Bit by bit I can feel the pain liberated out of my body; the pain that lead me to be with someone who couldn’t appreciate me for who I am and what I have to give. All year I have been asking myself, if we attract what we are, what have I not let go of that attracted him into my life? What do I continue to hold onto that has opened the door to a textbook narcissist, and generally emotionally unavailable men? I’ve been better about my boundaries, projecting exactly what I am looking for, focusing on and loving myself and letting go of those people and things that no longer serve me. As I shed all of this to rise to the fourth level of ascension, I couldn’t help but wonder why do I still feel the same? I’m taking the actions and doing the work but where are the revelations? Where are the breakthroughs?

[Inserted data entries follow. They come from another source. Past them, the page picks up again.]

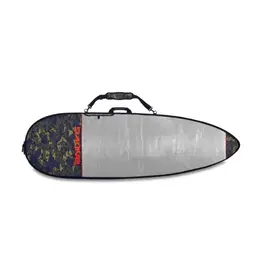 Dakine Dakine 5'8" Daylight Thruster Surfboard Bag Cascade Camo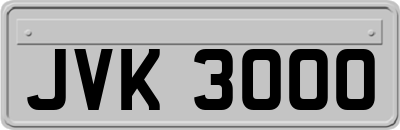 JVK3000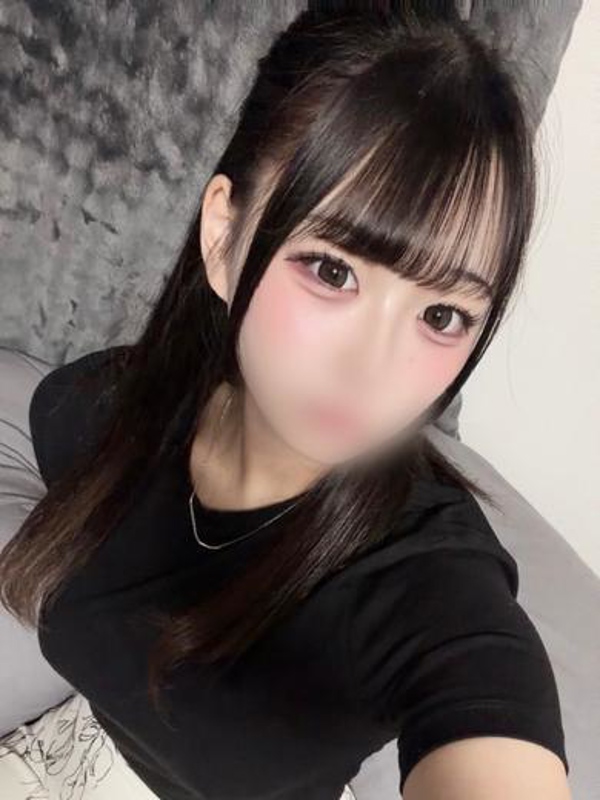 ひなた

Am I numb? Did I do something wrong? Am I just going through the motions and faking it?

When you suffer from PTSD, your trauma lives in your body, and things that remind you of those moments or times are like pressing the down button on an elevator where try as hard as you might to press the “door open” button or the “up” button, it’s too late. You’re going down the elevator shaft to your past whether you like it or not. Though I don’t know anyone who likes it. So how does one navigate that fight-or-flight response once it’s activated? I’ve gotten to the point where I know it’s happening when it’s happening and I try to calm my body down with breathing exercises, meditation, holding myself and when all else fails, I smoke CBD or go to bed counting on impermanence that my heart will stop racing.

Kundalini works to regulate the nervous system and does so not just by working with the physical body but the metaphysical body as well. There are thousands of kriyas, which are Kundalini yoga sets, to target individual problems that relate to the rest of the body. I’ve seen it take down swelling from my lymph nodes when I was sick, I’ve seen it help my digestion regulate, I’ve seen it strengthen my back to balance out my sidewalk running, so why couldn’t it help with this down button? Turns out it can in a very effective way. A few months ago I tried a Kundalini kriya that is intended to take away anger and sadness. Growing up as an actor, one of the fundamental things I learned about human emotions and our ability to express them was that when confronting our vulnerability, first we release anger, then sadness. This is exactly how the kriya was constructed.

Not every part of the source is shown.